Disclosure Day beams into cinemas on 12 June.
The biggest casting news of the past week? German actor Lars Eidinger has been chosen to play villainous Kryptonian supercomputer Brainiac in Superman sequel, Man of Tomorrow, which is out in 2027.
Series
South Africans are soon going to have a lot less to watch. You may have already encountered the news, from early December, that negotiations between Multichoice and Warner Bros. Discovery broke down when it came time to renew the former’s distribution agreement, i.e. Multichoice has the rights to screen the media company’s content on satellite TV service DStv and its streaming service Showmax, across Sub-Saharan Africa.
Officially, there’s still a chance that an agreement will be reached.
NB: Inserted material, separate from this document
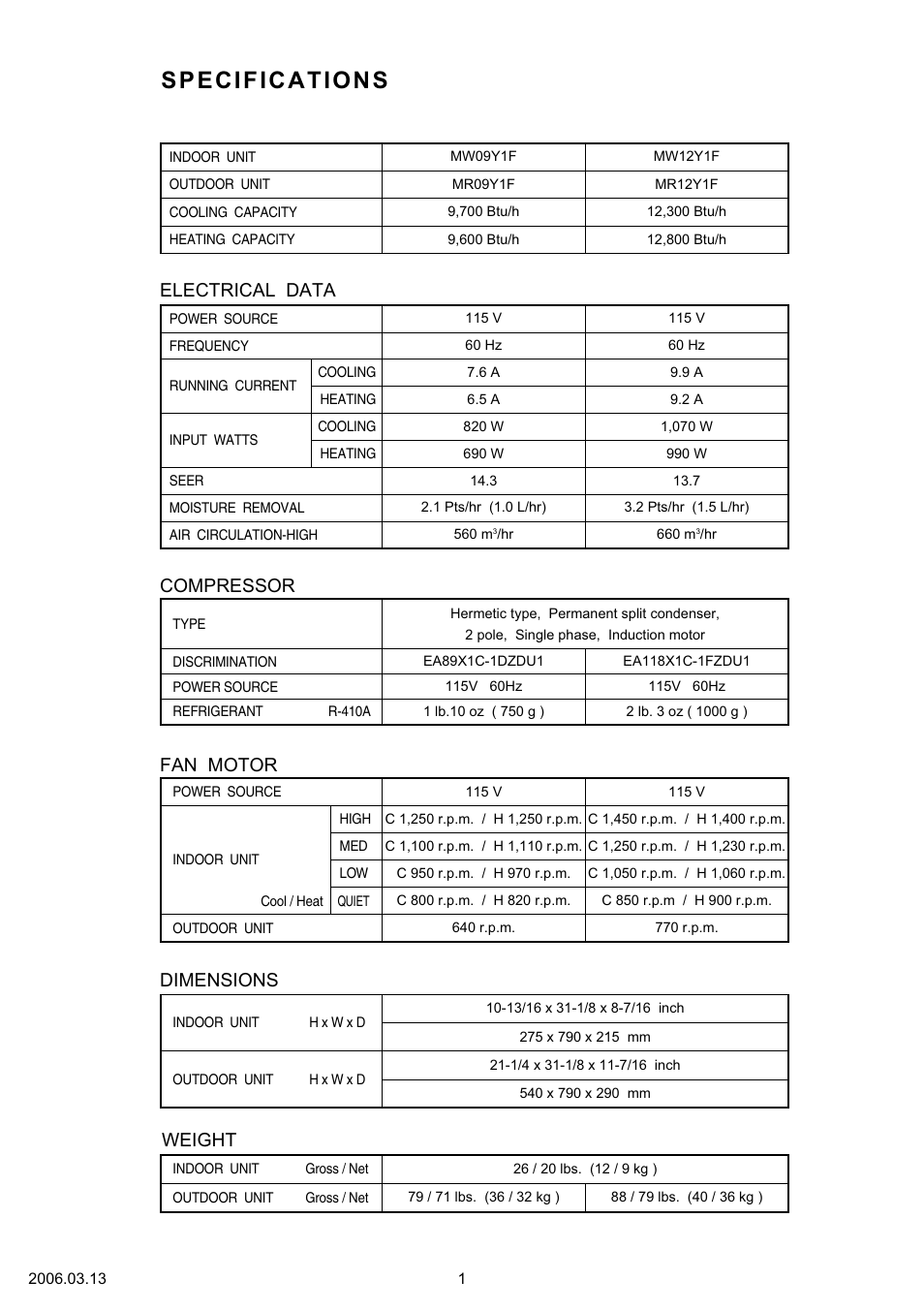 Friedrich MW12Y1F User Manual | Page 2 / 17
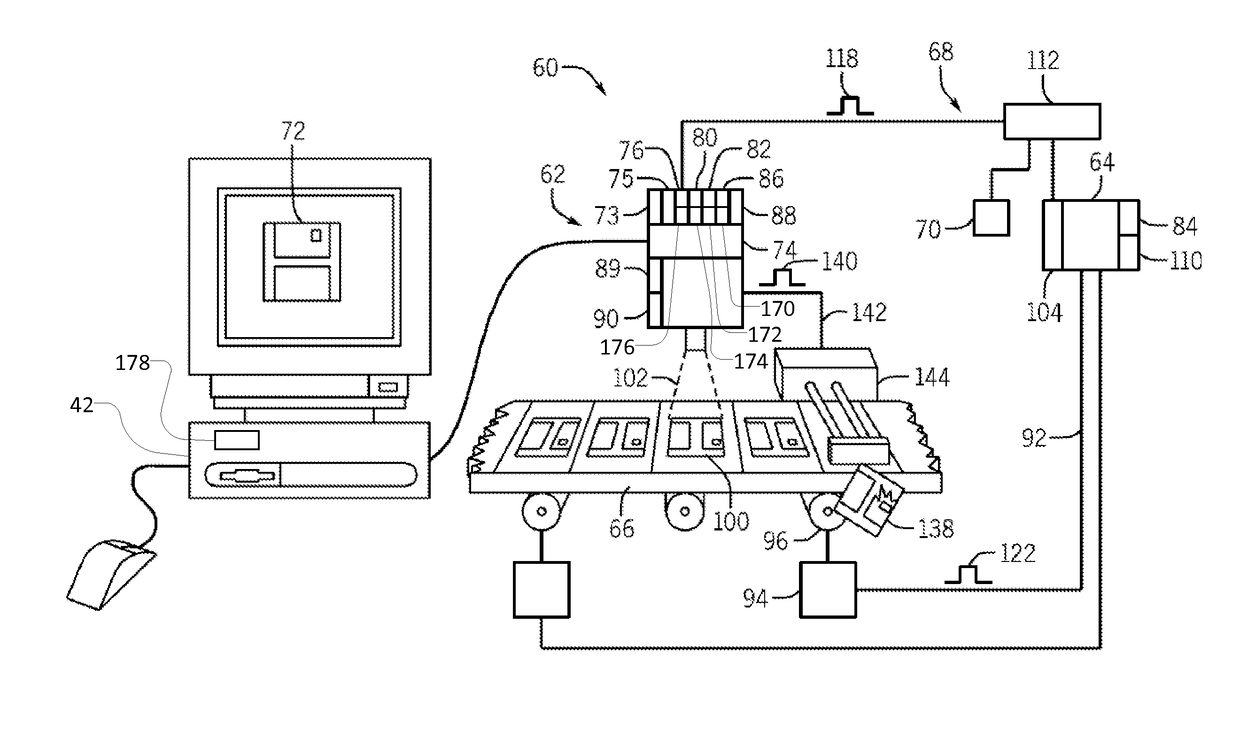 Machine vision systems and methods with predictive motion control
It just seems unlikely, with the 31 December deadline looming, AND Multichoice already running messages like this, as seen on the Showmax app.

While DStv will lose popular channels like Discovery Channel, Cartoon Network, CNN International, Food Network and The Travel Channel, all HBO content will also be stripped from the various Multichoice platforms. That means no more past and future House of the Dragon, The White Lotus, The Last of Us, Euphoria, Hacks, True Detective, The Pitt, IT: Welcome to Derry and much much more.
Unless another streaming service steps forward on the distribution front (i.e. Prime Video) in the interim – the Netflix WB buyout will take months to finalise – locals will have no legal means to watch any HBO content. So if you had any plans to watch a HBO series or documentary, do it over the next two weeks. The clock is ticking.
Speaking of Netflix, all five seasons of animated reboot and LGBT+ favourite She-Ra and the Princesses of Power are leaving the streamer on 21 February next year.
This isn’t so much the choice of the streamer as the fact that the series was made in conjunction with DreamWorks Animation, and that licence is expiring, as creator ND Stevenson explains here.
It’s currently unclear whether the cartoon removal is in the US only, or globally. She-Ra and the Princesses of Power is currently not available on physical media or in any other format for purchase.